This story is now reaching a key turning point. Donna Ockenden’s review into maternity services at Nottingham University Hospitals NHS Trust is moving towards its final report in June 2026, after years of evidence gathering and testimony from families. For many people following it, the big questions are no longer just about what went wrong, but why the inquiry is now closing and what happens next for the 2,297 families whose cases were included.
Why is the inquiry closing now?
The short answer is that the review had to draw a line somewhere in order to finish its work properly. The deadline for new cases passed in May 2025, and that cut-off allowed the team to stop expanding the scope and focus on reviewing the evidence already submitted. By that stage, 2,297 cases had been identified, covering stillbirths, neonatal deaths, maternal deaths and injuries, and other serious concerns raised by families.
That deadline was difficult, but it was also practical. Without it, the review could have kept growing and delayed the final report even further. The publication date had already moved from September 2025 to June 2026 because of the scale of the evidence and the time needed to assess cases properly. In simple terms, the inquiry is closing because it has reached the stage where gathering more information would risk delaying answers for the families already involved.
The closure of the inquiry does not mean the issues are being wrapped up neatly or forgotten. It means the fact-finding phase is ending so the final findings, conclusions and recommendations can be set out in a report that is detailed enough to stand up to scrutiny.
What happens next for the 2,297 families?
For the families involved, the next stage is likely to be one of the most emotionally difficult. The final report is expected to pull together years of testimony, clinical evidence and patterns of failings across the trust. Many families will be looking for recognition, accountability and a clear explanation of how such serious concerns were allowed to continue over so many years.

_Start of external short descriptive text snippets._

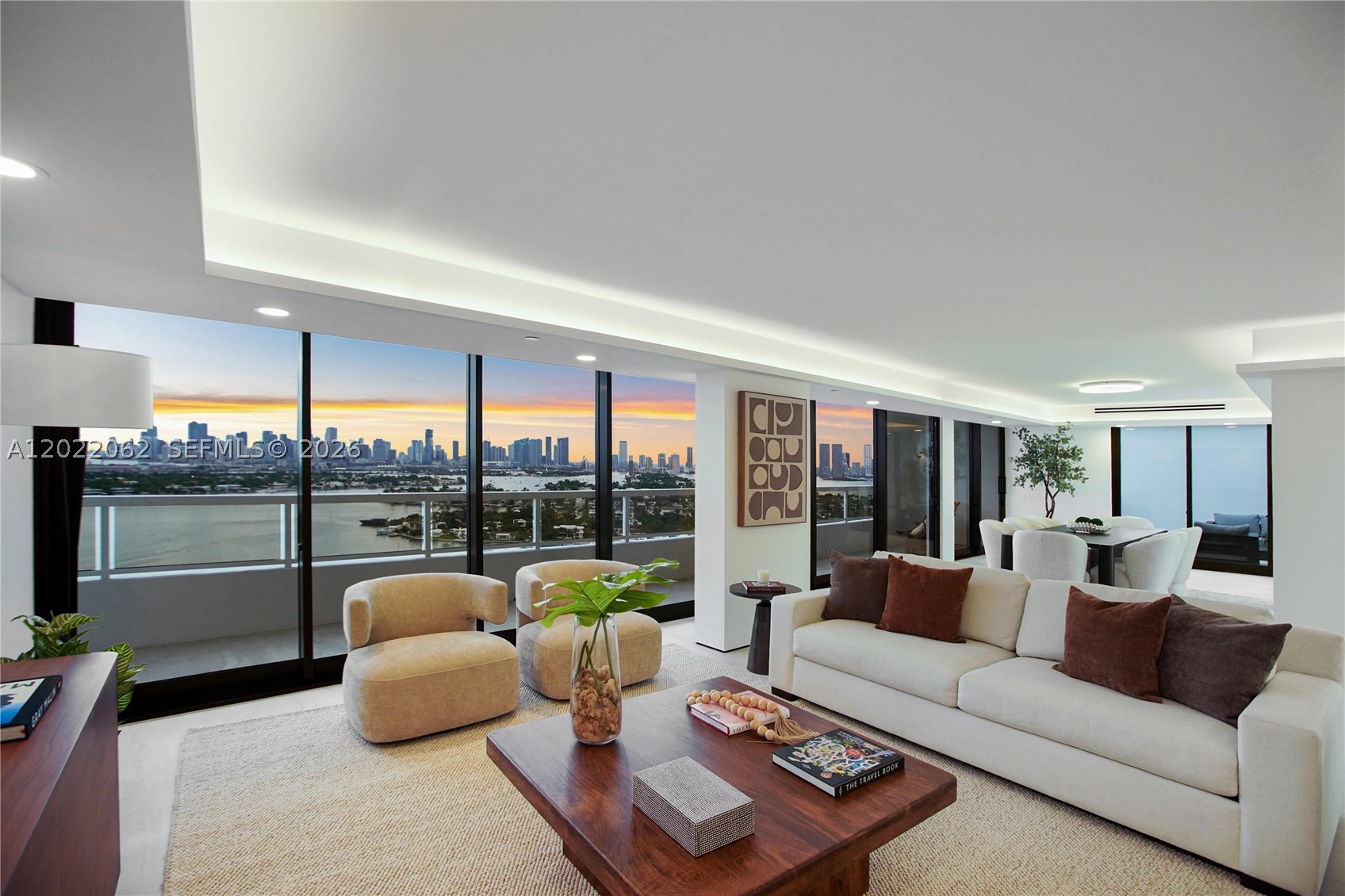 A rare opportunity, this penthouse on Belle Isle, just delivered after a architect-permitted , studs-out renovation, increasing the living area to over 2300 sqft(1). The interior reads as a sky loft: walls reimagined into one continuous great room that flows past full-height impact glass to a chef's kitchen anchored by a calacatta-veined waterfall island. Continuous large-format tile flooring, beneath cove-lit ceilings, an integrated wine bar, designer fixtures and smart-lighting throughout.
Unobstructed, panoramic views of the entire Miami skyline and Biscayne Bay reach into every principal room, then wrap onto an oversized entertaining terrace. Combined with the infinitely long balcony, this top-floor unit has more than 850 SF of outdoor space. Three bedrooms (or two plus a private den or office), three full baths and two garage-parking spots.
Full-service at Nine Island Condos: private marina, enormous pool deck(2), spa, gym, yoga studio, restaurant, valet, doorman. Steps to Sunset Harbour, The Standard, Lincoln Road. 

(1)Updated square footage on record with the city. To be updated soon.
(2)Pool/Spa plans have been approved and final construction is to commence soon.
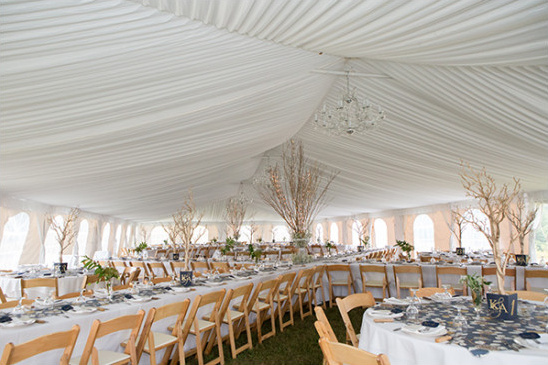 Elegant white tented wedding reception with tables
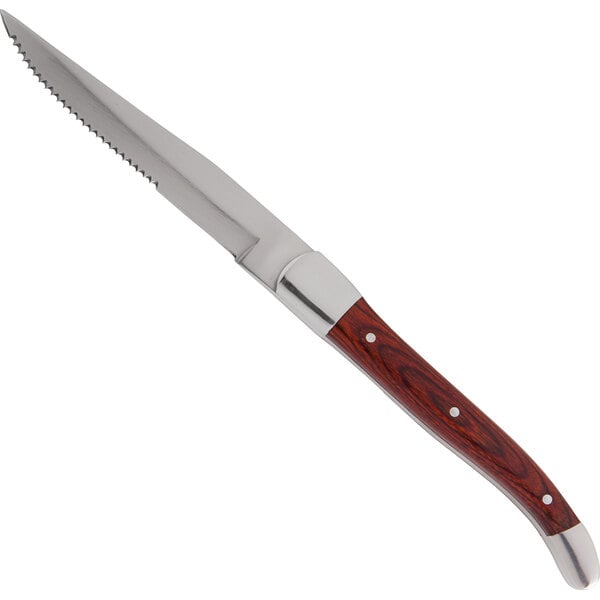 A Fortessa steak knife with a dark wood handle and silver blade.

Some families have already had direct engagement with the review team and received individual feedback during the process. What comes next is the public release of the full report and, with it, a clearer picture of the systemic problems identified. That could shape further action in several ways, including internal NHS changes, regulatory scrutiny, possible legal action in some cases, and renewed pressure for national reforms in maternity care.
For many of the 2,297 families, the report will not feel like an ending. It is more likely to feel like the start of a new phase. Some will want apologies. Some will want compensation. Some will want disciplinary or policy consequences. Many will simply want a public acknowledgement that what happened to them was real, serious and should never have happened.
Will the final report actually change anything?
That is the question hanging over June 2026. Reviews like this are meant to do more than document harm; they are meant to force change. The expected recommendations, including the wider use of Immediate and Essential Actions, are likely to influence maternity care well beyond Nottingham. The real test, though, will be implementation.
If lessons are acted on, the review could become a major reference point for safer maternity care across the NHS. If they are ignored or watered down, families will understandably see the process as yet another painful exercise in delay. Either way, the closing of the inquiry is not the end of the story. It is the point where responsibility shifts from investigators to the institutions expected to respond.
The final report matters because it should turn years of testimony into an official record that cannot be brushed aside. For the families involved, that may not deliver closure on its own, but it could provide a basis for accountability and lasting change. The next phase will be judged not by the size of the report, but by what is done after it is published.